The ruling appeared to have dealt a blow to the NFL's enforcement of its new policy. Peterson was suspended by the league for injuring his 4-year-old son while disciplining the boy with a wooden switch. Peterson is seeking immediate reinstatement with his reinstatement currently subject to review on April 15.
Following Doty's 16-page ruling, the NFL announced it will exercise its right to appeal the decision within the circuit court of appeals. Meanwhile, Peterson will be returned to the commissioner's special exempt list where he spent 10 weeks last season while his legal case was pending. Peterson pleaded no contest to misdemeanor reckless assault and was later suspended for the final six games of last season by Goodell.
"Judge Doty's order did not contain any determinations concerning the fairness of the appeals process under the CBA, including the commissioner's longstanding authority to appoint a designee to act as hearing officer," the NFL announced in a statement. "Even so, we believe strongly that Judge Doty's order is incorrect and fundamentally at odds with well-established legal precedent governing the district court's role in reviewing arbitration decisions. As a result, we have filed a notice of appeal to have the ruling reviewed by the Eighth Circuit Court of Appeals. In the interim, Adrian Peterson will be returned to the Commissioner Exempt List pending further proceedings by appeals officer Harold Henderson or a determination by the Eighth Circuit Court."

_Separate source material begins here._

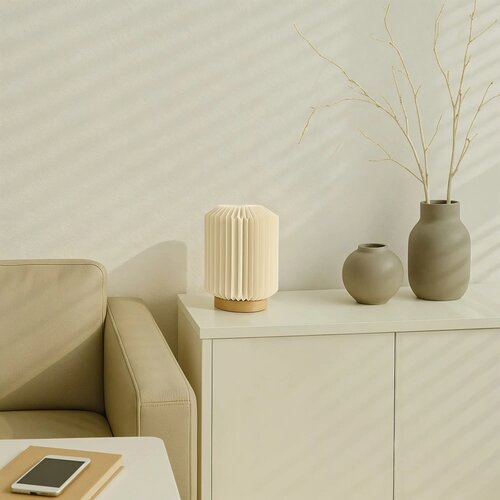 Coollux vouwbare papieren LED lamp Aurora op houten voet Naturel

Peterson's status remains in question while the league and NFLPA battle through the court system. Since he is back on the exempt list -- and not suspended -- he is allowed to communicate with the Vikings, which he was not allowed to do when he was banned. Also, while on the exempt list he can be traded -- though not until the start of the league year -- and released.
Peterson, 29, still has three years remaining on the contract he signed in 2011 making him the league's highest-paid running back. The Vikings' all-time leading rusher is due $12.75 million in 2015 and would count $15.4 million against the salary cap for Minnesota. If the Vikings were to cut Peterson, he would count as $2.4 million towards the cap in dead money.
"Adrian Peterson is an important member of the Minnesota Vikings, and our focus remains on welcoming him back when he is able to rejoin our organization," the Vikings said Thursday in a statement. "Today's ruling leaves Adrian's status under the control of the NFL, the NFLPA and the legal system, and we will have no further comment at this time."